Coffee cakes, sweet rolls, and donuts often “appeared” in our shopping cart when I wasn’t looking. After feigning surprise, Paul explained that “that little gray-haired lady over there” must have gotten confused and accidentally put the items in our cart. Then he explained that it would be rude to return the items to the shelf, so we should do the honorable thing and keep them.

I demonstrated to him how I had played “racy car driver” with the shopping cart when my children were young, pretending to speed and rev the cart’s “engine.” He caught on to that game quickly, and soon incorporated the “race cart” into our shopping routine. What fun we had just going food shopping!

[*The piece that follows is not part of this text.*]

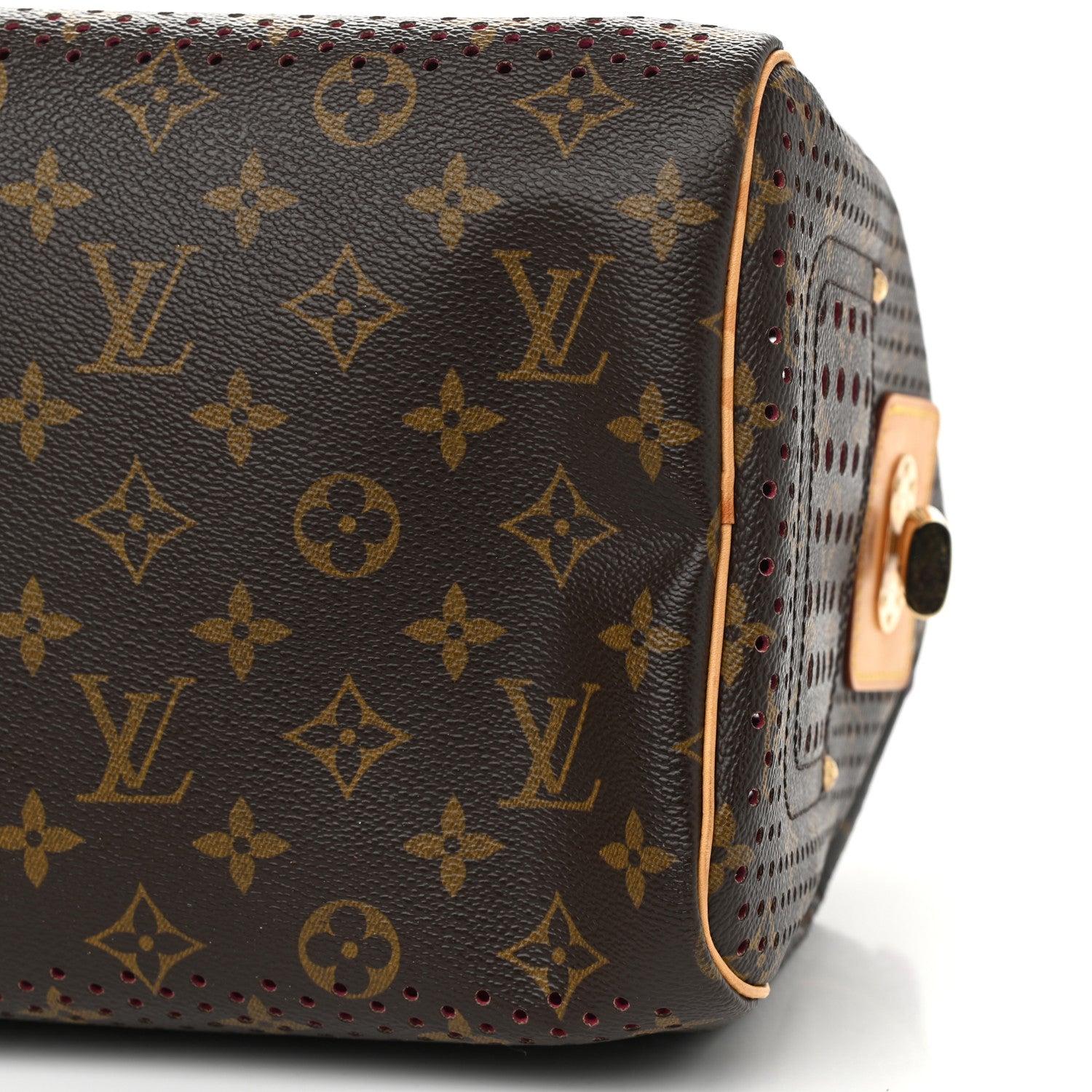 Louis Vuitton Monogram Perforated Speedy 30 Fuchsia 12 of 17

A further complication to returning to the store was that we had gotten to know the store manager, who would surely ask about Paul if I went in without him. I just couldn’t handle that yet.

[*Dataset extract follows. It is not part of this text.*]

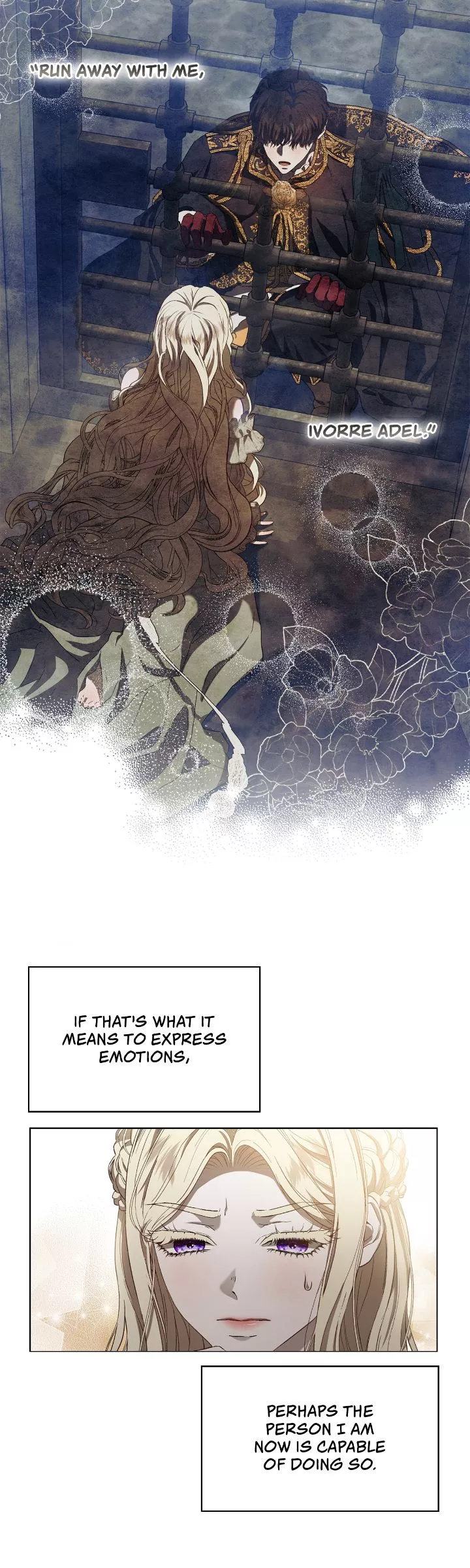 The Stone Thrown in the Lake Chapter 2 page 58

The day I got the call that Paul’s ashes were ready to be picked up, I knew I wanted my friend Judy to go with me. I was nervous—this was another trip I didn’t want to face alone. I hoped that Judy’s company would make me braver—and it did. Having her by my side made it easier to reach out and accept the cube-shaped carton containing Paul’s ashes. There had been no need to buy an urn because Paul wanted his ashes scattered right away—on the lake where he spent his summers as a child.

I signed a few forms and we went to the car. I sat the box on my lap and took a deep breath, not sure what I was feeling. After a silent moment, Judy said, “What do you want to do now, Bet?”

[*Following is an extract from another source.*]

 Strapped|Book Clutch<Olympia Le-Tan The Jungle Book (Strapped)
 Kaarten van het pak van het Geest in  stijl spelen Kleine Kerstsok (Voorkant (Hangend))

I thought for a moment and said, “I need you to go with me to the grocery store. I haven’t had the courage to go since Paul died. But I need food.”

“Sure, we can do that. But you don’t need to go without Paul. We’ll just take him with us.”

I looked at her blankly for a moment before it sank in. Of course, we would take Paul with us. As I was beginning to comprehend, Judy reminded me, “Paul would want you to have fun again. He’d see the humor in this.” She was right, of course. “We’ll let him ride in the cart with us. That way, we can talk to him while we shop, and you won’t be going without him.”

“Okay, I’m ready.” One look at Judy and I started to laugh. At first, it felt strange. I’d nearly forgotten what it was like. But it felt good, too, and I knew Paul wouldn’t want me to cry for the rest of my life. He’d be the first one making jokes. I realized that’s why I now needed Judy with me—to help me find humor in the situation.

We drove to the store, took the box in with us, and sat it in the child seat. We told him we were back in the store and asked him what we should buy.

I pretended to answer him. “All right, I’ll start at the deli.”

We then proceeded to produce, where I explained to Judy about the samples.

I even bought a coffee cake for him. We played “race cart” down deserted aisles, and giggled as we made car sounds.

“Watch me take this corner, Paul. What’s that? No, I can’t go any faster.”

Judy asked, “Paul, do you need coffee?”

I asked. “Which brand of paper towels did we decide we like best?”

As we were checking out, now with a lighter heart, I kept the tears away when the store manager came over and asked how Paul was doing. That marked the first time I managed to tell someone that Paul had passed away without breaking down completely. I didn’t tell the manager that I had Paul right there, that he was in the box I was taking out of the cart while we were speaking. After Judy and I were outside, we burst into laughter at the absurdity of the scene.

With Judy’s humor and Paul’s ashes, I got through that first trip back to the store. It was several months before going to the grocery alone wasn’t so poignant—and before I stopped reaching for Paul’s favorite items. But each time was made easier when I remembered the day I took Paul with me—carton and all.